» The problem: Among the entries below, find all lines that include "Used" and copy them.
** Listed records follows **
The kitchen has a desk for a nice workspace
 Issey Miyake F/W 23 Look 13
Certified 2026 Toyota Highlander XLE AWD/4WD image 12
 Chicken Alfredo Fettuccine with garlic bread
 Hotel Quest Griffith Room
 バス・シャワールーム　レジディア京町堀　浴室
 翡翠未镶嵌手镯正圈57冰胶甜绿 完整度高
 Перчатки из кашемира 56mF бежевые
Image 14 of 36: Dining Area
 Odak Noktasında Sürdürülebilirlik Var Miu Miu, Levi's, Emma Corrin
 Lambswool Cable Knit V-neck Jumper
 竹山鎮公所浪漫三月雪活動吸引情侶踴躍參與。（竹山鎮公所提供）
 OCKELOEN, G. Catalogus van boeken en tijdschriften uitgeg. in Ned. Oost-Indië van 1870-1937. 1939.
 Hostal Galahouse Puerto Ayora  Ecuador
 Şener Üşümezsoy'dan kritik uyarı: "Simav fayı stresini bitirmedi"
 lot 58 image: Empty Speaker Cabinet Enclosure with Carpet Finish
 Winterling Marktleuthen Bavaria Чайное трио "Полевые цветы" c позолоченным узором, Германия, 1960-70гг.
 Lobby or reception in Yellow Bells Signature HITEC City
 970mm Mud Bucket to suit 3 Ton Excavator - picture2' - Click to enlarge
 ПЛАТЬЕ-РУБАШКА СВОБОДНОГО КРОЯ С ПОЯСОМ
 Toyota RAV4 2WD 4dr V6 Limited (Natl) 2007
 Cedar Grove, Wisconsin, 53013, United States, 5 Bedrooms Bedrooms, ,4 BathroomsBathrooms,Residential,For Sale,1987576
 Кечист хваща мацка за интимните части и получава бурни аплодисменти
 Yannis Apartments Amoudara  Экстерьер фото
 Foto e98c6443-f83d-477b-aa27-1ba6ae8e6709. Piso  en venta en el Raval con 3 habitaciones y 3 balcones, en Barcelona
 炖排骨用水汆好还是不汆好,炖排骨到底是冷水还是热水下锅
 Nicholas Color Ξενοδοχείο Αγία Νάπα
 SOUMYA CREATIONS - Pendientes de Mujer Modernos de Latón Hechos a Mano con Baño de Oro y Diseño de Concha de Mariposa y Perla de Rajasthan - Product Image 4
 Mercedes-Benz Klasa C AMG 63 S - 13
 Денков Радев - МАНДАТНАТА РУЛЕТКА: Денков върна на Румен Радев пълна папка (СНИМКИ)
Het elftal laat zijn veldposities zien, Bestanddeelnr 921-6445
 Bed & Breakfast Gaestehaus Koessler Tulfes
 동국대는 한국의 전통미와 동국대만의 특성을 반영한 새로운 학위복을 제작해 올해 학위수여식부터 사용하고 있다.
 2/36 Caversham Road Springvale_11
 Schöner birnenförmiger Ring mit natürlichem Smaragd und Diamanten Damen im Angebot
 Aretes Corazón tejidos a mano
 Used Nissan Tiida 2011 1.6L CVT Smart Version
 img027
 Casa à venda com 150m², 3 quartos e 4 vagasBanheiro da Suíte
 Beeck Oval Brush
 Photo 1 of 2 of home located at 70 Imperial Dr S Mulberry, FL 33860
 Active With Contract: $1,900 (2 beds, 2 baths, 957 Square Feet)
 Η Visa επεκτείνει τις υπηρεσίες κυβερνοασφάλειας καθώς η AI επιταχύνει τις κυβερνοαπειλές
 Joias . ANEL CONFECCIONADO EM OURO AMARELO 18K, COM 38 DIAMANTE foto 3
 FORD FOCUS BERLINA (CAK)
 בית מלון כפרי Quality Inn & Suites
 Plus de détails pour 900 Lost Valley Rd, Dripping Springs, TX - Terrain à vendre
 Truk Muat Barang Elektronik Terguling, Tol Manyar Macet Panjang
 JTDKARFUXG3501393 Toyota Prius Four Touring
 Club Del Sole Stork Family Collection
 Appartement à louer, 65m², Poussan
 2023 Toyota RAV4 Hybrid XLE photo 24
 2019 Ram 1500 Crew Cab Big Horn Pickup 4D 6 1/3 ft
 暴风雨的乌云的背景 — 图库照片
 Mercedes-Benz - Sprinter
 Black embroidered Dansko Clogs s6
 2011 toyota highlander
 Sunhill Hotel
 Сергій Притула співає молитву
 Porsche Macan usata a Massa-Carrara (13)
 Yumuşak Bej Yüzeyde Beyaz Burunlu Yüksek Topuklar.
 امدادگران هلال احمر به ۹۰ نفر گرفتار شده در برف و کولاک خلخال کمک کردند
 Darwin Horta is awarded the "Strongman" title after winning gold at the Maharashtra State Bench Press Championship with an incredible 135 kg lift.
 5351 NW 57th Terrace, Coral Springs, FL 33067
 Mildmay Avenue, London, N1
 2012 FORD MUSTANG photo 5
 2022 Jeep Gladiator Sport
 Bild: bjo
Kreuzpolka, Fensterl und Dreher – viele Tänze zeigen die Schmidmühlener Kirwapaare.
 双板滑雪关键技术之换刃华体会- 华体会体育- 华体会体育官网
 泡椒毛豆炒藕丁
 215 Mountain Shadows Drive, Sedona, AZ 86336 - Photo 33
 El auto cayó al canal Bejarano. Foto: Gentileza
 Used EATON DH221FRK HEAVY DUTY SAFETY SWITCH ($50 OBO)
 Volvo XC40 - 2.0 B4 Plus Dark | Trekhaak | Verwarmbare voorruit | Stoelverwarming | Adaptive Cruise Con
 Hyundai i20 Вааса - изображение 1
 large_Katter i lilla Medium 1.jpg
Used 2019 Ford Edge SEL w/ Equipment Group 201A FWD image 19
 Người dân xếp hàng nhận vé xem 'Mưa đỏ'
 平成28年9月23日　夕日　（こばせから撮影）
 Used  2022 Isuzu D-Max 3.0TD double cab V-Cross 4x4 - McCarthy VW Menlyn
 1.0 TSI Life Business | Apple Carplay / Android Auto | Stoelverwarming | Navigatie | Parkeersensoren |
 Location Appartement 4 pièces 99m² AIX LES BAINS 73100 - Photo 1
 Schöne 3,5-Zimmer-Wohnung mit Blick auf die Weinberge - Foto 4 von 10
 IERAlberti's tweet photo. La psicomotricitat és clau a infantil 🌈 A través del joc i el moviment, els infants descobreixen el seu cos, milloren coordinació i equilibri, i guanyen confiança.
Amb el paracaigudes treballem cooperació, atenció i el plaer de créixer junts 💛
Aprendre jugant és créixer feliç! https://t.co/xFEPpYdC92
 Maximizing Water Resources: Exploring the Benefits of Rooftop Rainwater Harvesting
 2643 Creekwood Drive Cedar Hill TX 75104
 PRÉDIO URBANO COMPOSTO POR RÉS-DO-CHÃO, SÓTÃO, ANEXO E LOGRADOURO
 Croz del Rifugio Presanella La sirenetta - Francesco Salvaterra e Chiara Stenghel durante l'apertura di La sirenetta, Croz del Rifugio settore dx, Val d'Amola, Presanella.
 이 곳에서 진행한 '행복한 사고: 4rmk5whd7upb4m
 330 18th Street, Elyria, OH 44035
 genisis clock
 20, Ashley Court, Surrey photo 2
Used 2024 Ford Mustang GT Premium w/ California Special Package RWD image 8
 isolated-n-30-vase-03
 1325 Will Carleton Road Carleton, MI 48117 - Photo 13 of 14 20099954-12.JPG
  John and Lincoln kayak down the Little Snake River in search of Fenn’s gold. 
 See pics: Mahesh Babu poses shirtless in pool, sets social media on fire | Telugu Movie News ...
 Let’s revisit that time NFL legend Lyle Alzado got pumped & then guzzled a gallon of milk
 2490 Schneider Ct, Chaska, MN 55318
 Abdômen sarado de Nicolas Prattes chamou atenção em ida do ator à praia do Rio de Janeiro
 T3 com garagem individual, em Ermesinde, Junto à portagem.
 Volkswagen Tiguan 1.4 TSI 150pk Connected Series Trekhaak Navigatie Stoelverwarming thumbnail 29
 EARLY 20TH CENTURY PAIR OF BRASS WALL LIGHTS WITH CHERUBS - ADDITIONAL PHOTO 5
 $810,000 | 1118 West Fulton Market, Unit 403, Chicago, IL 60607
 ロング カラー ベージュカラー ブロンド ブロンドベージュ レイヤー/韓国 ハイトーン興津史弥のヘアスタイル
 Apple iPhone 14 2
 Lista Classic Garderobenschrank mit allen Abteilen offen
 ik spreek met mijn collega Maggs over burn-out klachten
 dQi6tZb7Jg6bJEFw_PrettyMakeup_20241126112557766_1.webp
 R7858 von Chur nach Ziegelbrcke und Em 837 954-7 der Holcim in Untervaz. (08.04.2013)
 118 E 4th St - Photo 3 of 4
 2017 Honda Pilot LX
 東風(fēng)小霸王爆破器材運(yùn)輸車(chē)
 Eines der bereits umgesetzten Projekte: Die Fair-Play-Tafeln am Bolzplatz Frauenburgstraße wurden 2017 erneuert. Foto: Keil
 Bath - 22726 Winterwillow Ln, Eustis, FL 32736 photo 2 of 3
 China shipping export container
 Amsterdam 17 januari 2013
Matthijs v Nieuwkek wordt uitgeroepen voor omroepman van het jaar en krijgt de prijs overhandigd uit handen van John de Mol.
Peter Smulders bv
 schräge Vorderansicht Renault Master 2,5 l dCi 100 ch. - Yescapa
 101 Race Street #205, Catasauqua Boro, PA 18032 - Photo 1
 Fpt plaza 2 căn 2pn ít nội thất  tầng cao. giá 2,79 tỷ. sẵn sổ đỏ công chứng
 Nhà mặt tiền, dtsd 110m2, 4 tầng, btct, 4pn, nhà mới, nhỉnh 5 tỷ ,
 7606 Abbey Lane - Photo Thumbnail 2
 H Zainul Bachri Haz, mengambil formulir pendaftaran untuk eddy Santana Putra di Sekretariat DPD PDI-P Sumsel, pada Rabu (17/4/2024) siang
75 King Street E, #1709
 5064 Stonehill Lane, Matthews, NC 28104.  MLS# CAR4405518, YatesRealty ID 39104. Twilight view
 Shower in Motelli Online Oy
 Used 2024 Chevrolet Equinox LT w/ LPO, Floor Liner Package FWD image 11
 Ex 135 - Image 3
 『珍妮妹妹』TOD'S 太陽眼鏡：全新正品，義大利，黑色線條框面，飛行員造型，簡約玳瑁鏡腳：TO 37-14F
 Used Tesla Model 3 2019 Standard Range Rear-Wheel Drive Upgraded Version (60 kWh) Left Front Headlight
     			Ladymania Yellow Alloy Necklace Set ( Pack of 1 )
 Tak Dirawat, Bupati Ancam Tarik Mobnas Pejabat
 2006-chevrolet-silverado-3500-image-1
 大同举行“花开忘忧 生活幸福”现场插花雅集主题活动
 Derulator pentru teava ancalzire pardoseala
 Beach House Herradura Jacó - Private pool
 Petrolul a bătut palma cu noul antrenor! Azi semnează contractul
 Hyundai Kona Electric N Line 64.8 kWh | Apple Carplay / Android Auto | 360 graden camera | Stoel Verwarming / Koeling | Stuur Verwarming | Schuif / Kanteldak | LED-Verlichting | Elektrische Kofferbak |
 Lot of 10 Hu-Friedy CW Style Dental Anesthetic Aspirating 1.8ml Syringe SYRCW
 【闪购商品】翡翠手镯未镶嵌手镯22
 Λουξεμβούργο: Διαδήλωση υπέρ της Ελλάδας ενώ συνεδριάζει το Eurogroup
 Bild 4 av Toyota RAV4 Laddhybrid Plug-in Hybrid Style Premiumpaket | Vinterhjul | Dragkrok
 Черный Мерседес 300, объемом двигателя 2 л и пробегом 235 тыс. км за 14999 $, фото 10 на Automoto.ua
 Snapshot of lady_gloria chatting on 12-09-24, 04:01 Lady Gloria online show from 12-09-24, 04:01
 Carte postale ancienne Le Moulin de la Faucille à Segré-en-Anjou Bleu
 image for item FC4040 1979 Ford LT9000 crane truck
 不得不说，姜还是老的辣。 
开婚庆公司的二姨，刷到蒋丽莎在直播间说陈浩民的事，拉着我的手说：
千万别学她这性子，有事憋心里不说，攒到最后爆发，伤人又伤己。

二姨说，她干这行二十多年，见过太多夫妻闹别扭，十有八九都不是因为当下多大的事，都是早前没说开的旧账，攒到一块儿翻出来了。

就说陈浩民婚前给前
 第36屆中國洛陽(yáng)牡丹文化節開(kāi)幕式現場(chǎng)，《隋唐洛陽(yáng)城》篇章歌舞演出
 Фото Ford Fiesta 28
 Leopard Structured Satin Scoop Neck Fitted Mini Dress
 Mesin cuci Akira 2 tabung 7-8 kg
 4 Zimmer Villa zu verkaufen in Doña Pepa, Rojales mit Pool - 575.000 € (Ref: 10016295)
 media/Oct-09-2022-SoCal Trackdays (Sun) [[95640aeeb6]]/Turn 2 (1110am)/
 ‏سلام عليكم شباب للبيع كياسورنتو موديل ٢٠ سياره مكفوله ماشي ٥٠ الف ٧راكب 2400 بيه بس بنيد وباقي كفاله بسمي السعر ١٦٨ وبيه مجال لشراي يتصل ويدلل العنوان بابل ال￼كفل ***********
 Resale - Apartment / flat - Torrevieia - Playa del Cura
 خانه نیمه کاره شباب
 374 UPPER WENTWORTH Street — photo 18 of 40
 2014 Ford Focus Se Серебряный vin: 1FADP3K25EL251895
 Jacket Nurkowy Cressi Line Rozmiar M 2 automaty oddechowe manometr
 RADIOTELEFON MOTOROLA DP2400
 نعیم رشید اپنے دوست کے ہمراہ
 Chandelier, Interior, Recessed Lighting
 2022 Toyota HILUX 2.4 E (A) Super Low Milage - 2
** End of Listed records **
» Solution to the problem:
 Used Nissan Tiida 2011 1.6L CVT Smart Version
 Used EATON DH221FRK HEAVY DUTY SAFETY SWITCH ($50 OBO)
Used 2019 Ford Edge SEL w/ Equipment Group 201A FWD image 19
 Used  2022 Isuzu D-Max 3.0TD double cab V-Cross 4x4 - McCarthy VW Menlyn
Used 2024 Ford Mustang GT Premium w/ California Special Package RWD image 8
 Used 2024 Chevrolet Equinox LT w/ LPO, Floor Liner Package FWD image 11
 Used Tesla Model 3 2019 Standard Range Rear-Wheel Drive Upgraded Version (60 kWh) Left Front Headlight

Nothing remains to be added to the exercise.